​I also left out....

E.) GEM tools ran on VMS, Ultrix, Mica, OSF/1, Tru64, Mac OSx, NT/4 and later Windows version up too and now Win10​

And I was just reminded that there was a 68K back-end done for it also that terminal folks used, although I'm not sure I ever saw it.

Ron - for whatever its worth, the whole BLISS vs C is different history both outside and inside of DEC [which some of lived and I'll not repeat it here].   But it is sadly miss represented.   I'm a C programmer and while I learned BLISS before C, I certainly prefer C to BLISS as do many of my peers - even heavy, heavy BLISS hackers I know.       

You should know that the compiler team was definitely BLISS based, as was the VMS group, but once Streams I/O was added to VMS and the C compiler introduced, most VMS customers left RMS I/O; while continuing to use FORTRAN as the primary VMS end-user language, BLISS was less so, C and Pascal quickly became more popular.   Even at DEC, C took off, particularly in the HW teams if for no other reason than you could hire C programmers from Universities and you had to teach them BLISS. 

Clem

On Thu, Jan 5, 2017 at 11:01 AM, Clem Cole <clemc@ccc.com> wrote:
​below...​

On Wed, Jan 4, 2017 at 4:24 PM, ron minnich <rminnich@gmail.com> wrote:
but another true story: I visited DEC in 2000 or so, as LANL was about to spend about $120M on an Alpha system. The question came up about the SRM firmware for Alpha.
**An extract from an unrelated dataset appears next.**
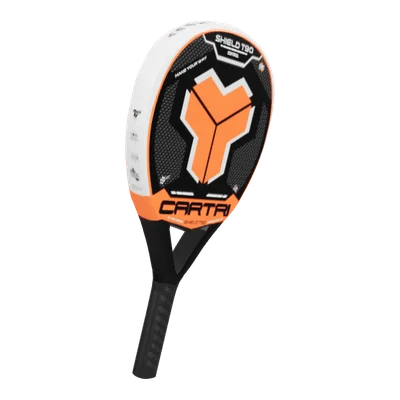 Power racket, orange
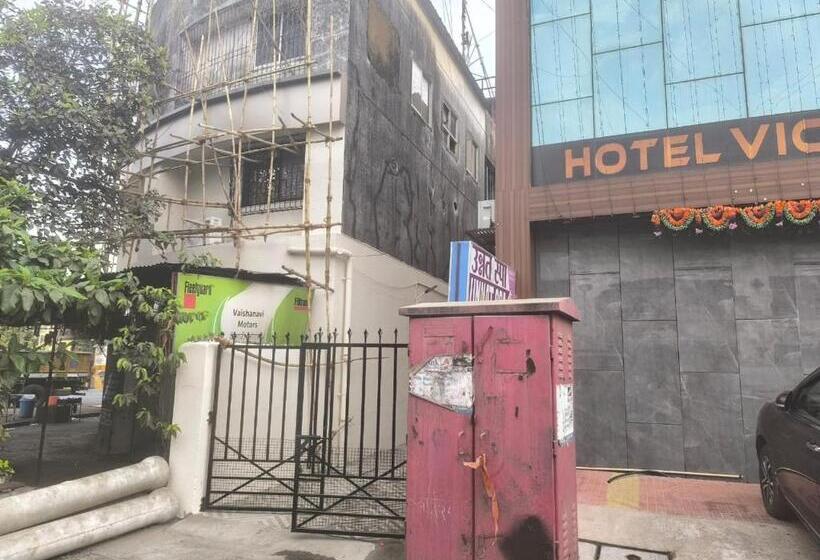 Hotel Raman Dormitory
As it was described to me, it was written in BLISS and the only machine left that could build it was an 11/750, "somewhere in the basement, man, we haven't turned that thing on in years". I suspect there's a lot of these containing oxide oersteds of interest.
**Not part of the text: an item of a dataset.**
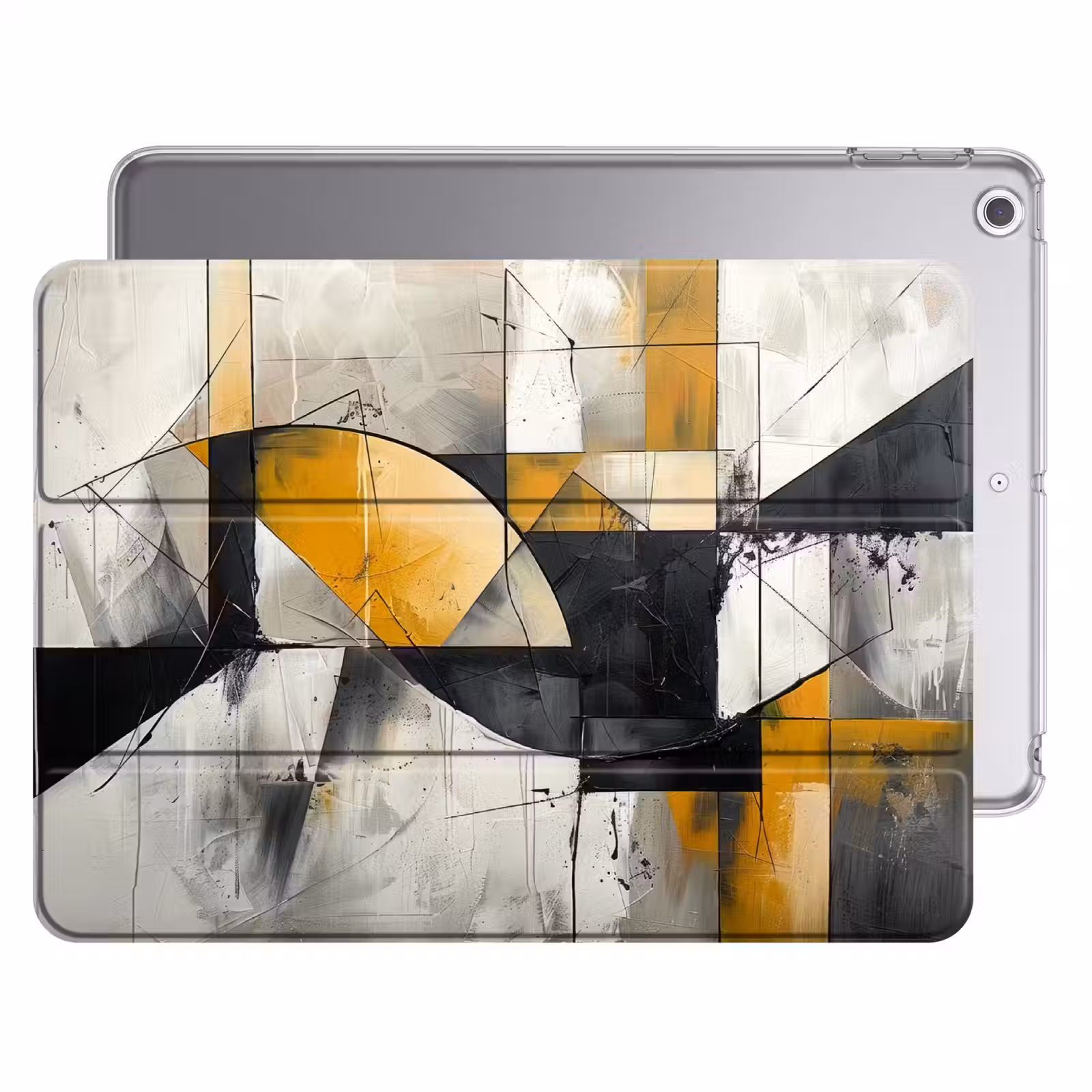 iPad hoes - Abstract - Kunst - Geometrisch - Aesthetic — 1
​Cute story but not true [and I was @ DEC working Alpha at that time].   Some facts:

A.) The SRM firmware was in C primary and Assembler and used >>UNIX<< tools not VMS tools for development
B.) The GEM compiler (which still exists and still being developed by VMSI) had front ends for at least (which I remember):   BLISS, C, PL/1, Pascal, ADA, FORTRAN​, Cobol, RPG and a few others (I'll try to ask if I see any of the old GEM guys in the Cafe' in the next few hours - they are dying off BTW - but that's a different story).
C.) The GEM compiler has backends for,  Vax, Galaxy, MIPS, Alpha, x86 (32bit), ia64, INTEL*64 (post DEC/Compaq/HP) and I believe also ARM (I'll need to ask if the VMSI folks come to lunch on Friday).
D.) Alpha's ran UNIX before they ran VMS BTW.  The HW debug was all UNIX.